Question

Xenon has an enthalpy of vaporization of 12.6 kJ/mol and a vapor pressure of 1.00 atm at –108.0 °C. What is the vapor pressure of xenon at -148.0 °C? (R = 8.314 J/K⋅mol)

Answer 1

Answer:

P₁ = 0.0562 atm

Explanation:

Using the Clausius-Clapeyon equation

ln (P₁ / P₂) = ΔHvap/R (1/T₂ - 1/T₁)       ------ (eqn 1)

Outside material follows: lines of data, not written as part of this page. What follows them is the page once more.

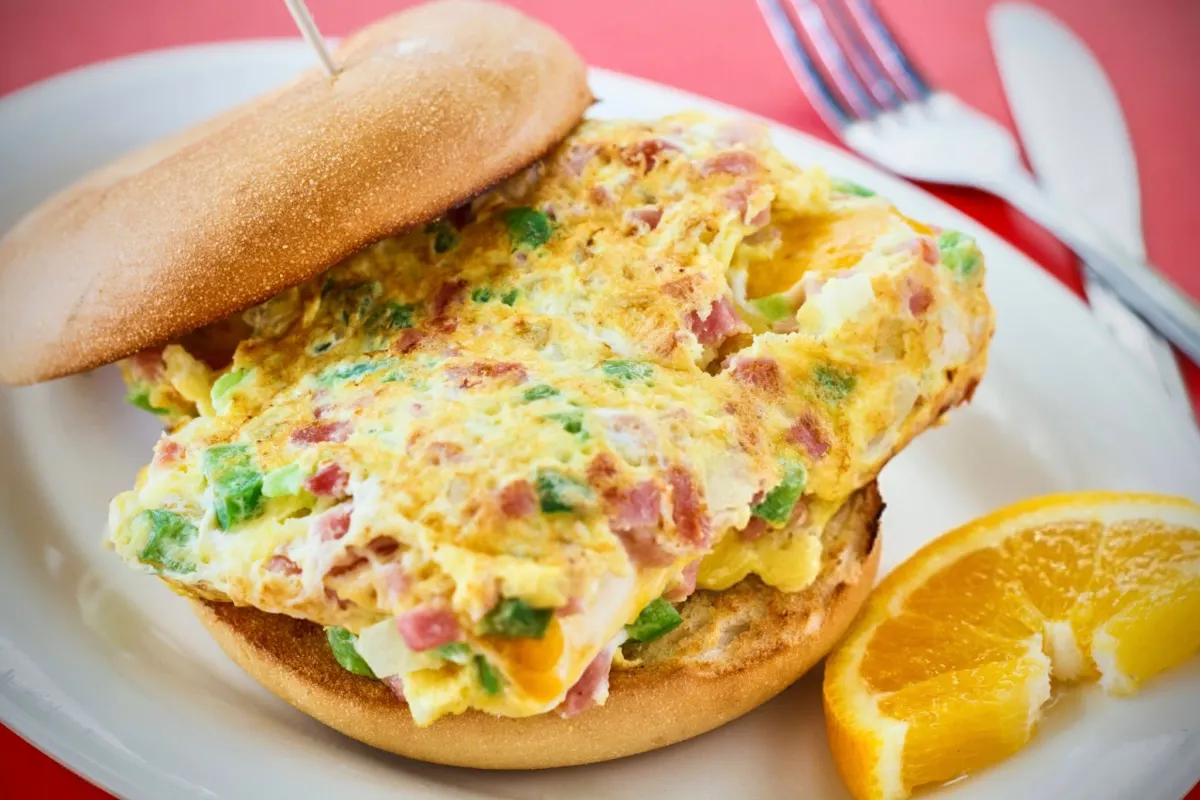 Egg, Cheese and Vegetable Sandwich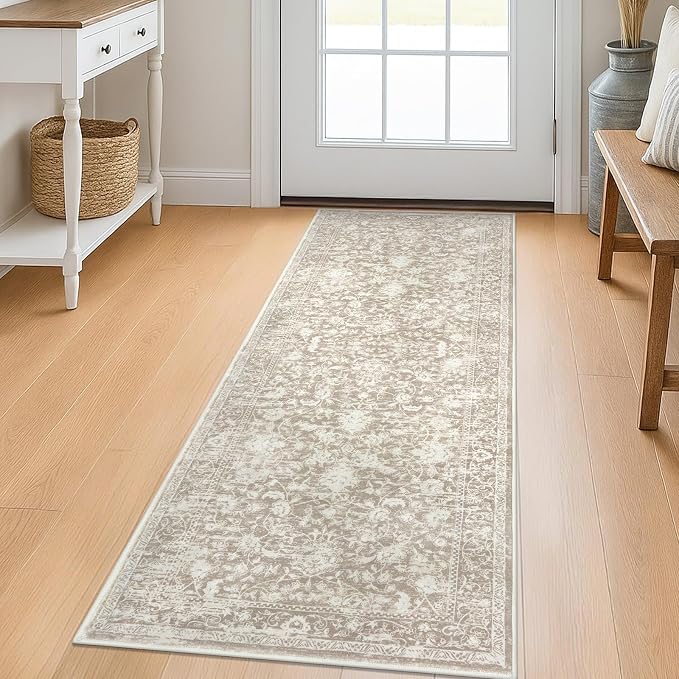 KILOCOCO Hallway Runner 2x5 Kitchen Runner Rug Printed Vintage Floral Washable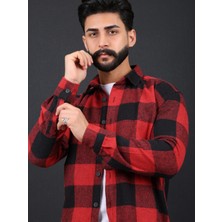 Erkek Slim Fit Kırmızı Siyah Dügmeli Oduncu Gömlek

Step 1: From the question given, we state out the parameters given

P₁ = ?                T₁ = -148.0⁰C

P₂ = 1atm          T₂ = -108.0⁰C

ΔHvap = 12.6kJ/mol      R = 8.314J/K.mol

Step 2: Do conversions where necessary for unit consistency since our R value is in J/K.mol

a) convert ⁰C to K

1K = ⁰C + 273.15

T₁ = -148.0⁰C => -148.0⁰C + 273.15

T₁ = 125.15K

T₂ = -108.0⁰C => -108.0⁰C + 273.15

T₂ = 166.15K

b) convert kJ/mol to Joules

ΔHvap = 12.6kJ/mol = 12600Joules

substituting parameters into eqn 1

ln (P₁ / P₂) = ΔHvap/R (1/T₂ - 1/T₁)

ln (P₁/1atm) = 12600J / 8.314 (1/166.15 - 1/125.15)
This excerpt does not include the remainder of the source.